On the Need for Government Oversight and Citizen Involvement

“Can we possibly suppose that if Governments had originated in a right principal, and had not an interest in pursuing a wrong one, the world could have been in the wretched and quarrelsome condition we have seen it?”

Thomas Paine believed in the tendency of concentrated power to corrupt and that the power of any government should be derived from those governed.

In his day, more revolutionary than the war between the American colonies and Britain was the government born out of that conflict. A government for the people, by the people was eventually hammered out at the Constitutional Convention of 1787 in order to form a more perfect Union

It can be argued, I believe, that herein lies the true American Revolution. But of course, the devil is in the details.

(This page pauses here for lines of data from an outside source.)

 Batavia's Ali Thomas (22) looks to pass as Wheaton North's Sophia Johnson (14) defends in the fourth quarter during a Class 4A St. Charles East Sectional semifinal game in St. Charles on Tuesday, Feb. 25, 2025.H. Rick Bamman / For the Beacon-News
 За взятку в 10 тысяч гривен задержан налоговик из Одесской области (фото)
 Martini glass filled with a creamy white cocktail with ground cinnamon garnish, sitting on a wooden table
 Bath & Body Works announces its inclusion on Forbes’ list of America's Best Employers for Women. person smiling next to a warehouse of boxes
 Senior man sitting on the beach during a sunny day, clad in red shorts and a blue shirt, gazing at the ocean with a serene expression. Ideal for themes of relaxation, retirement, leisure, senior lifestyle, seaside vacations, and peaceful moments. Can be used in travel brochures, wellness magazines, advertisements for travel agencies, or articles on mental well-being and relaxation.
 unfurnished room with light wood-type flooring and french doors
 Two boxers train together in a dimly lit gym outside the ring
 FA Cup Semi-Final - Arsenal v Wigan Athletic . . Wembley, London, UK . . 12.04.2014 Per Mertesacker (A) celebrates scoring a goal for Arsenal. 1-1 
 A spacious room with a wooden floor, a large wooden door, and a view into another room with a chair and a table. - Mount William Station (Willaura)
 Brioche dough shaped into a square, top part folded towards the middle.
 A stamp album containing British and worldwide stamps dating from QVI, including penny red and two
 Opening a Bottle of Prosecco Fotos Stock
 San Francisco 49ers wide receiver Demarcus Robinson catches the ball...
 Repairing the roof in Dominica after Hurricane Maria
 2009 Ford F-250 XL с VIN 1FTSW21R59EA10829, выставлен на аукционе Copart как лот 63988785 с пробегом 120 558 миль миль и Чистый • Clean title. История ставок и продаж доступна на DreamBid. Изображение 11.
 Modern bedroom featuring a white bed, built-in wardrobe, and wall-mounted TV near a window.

It was a long, hot summer, and what came out of the Philadelphia State House was a document that, as close as any produced by Mankind, brings the high ideals set forth eleven years earlier in Thomas Jefferson’s Declaration of Independence down to brass tacks. Okay, this is how we’re going to do this

The cornerstone of reigning in unchecked power is the concept of spreading it around, through a three-pronged government built on the concept of checks and balances.

It is not only the right, but the duty, of each branch of government to check the power of the other two. Otherwise, we can but remember the words of Thomas Paine.

The President is Commander-in-Chief of the armed forces (and, incidentally, only of the armed forces, and not of the citizenry in general), and executes the laws of the United States. Congress writes those laws, holds the purse strings and conducts oversight on the executive. The judiciary interprets the law and insures that the Constitution is at all times upheld.

It is only through diligent adherence to the idea and practice of checks and balances that any government can stay true to the principals of the American Experiment. When any one branch of government flags in their duty, or strives to reinterpret the law to serve their own grasp for more power, then the experiment is in jeopardy

And what of the people? This is, after all, a government for and by the people. It is incumbent upon every citizen, therefore, to do their part in assuring the balance of power.

Apathy and distraction from a citizenry too complacent to bother are sure to find themselves one day under the thumb of oppression, incompetence, and unresponsive rule for which they can do little but wish they had paid closer attention while they still had a chance.